- Assignment -
Only the lines from the line containing "523 Canoe Point, Delray Beach FL 33444" through the final line of the entries should be printed, exactly as given, with the pictures left out.

- Exercise data -
::::::::

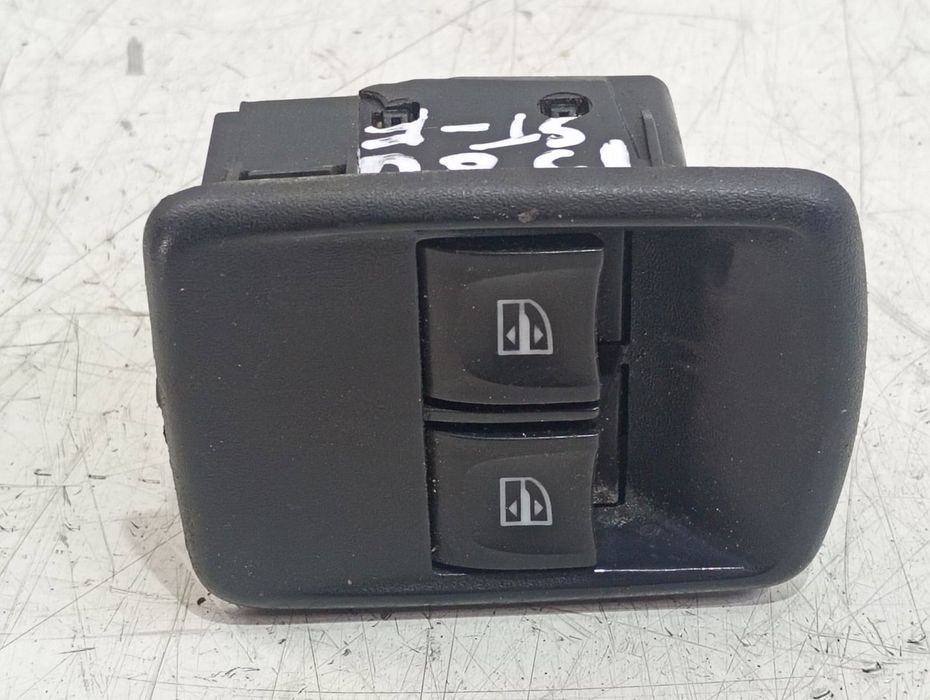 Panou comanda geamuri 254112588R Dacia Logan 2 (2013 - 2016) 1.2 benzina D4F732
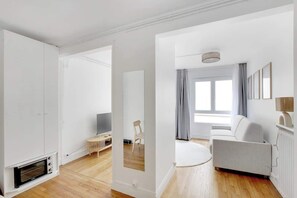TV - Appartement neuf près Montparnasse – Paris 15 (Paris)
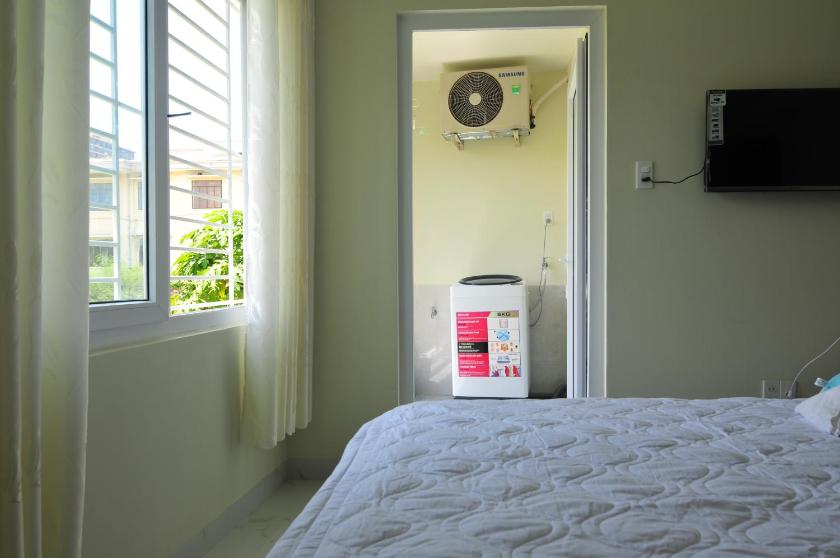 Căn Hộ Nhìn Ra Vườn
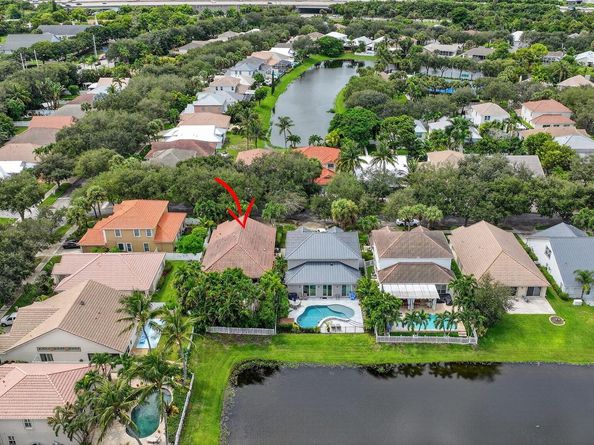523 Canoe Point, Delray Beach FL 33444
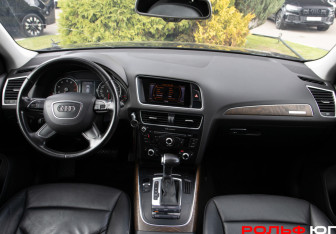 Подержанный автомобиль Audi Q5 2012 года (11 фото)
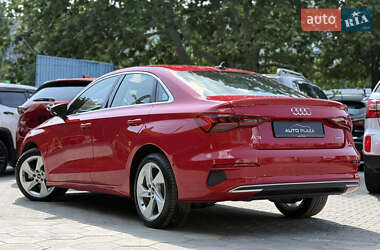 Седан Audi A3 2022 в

::::::::

- Response box -
523 Canoe Point, Delray Beach FL 33444
 Подержанный автомобиль Audi Q5 2012 года (11 фото)
 Седан Audi A3 2022 в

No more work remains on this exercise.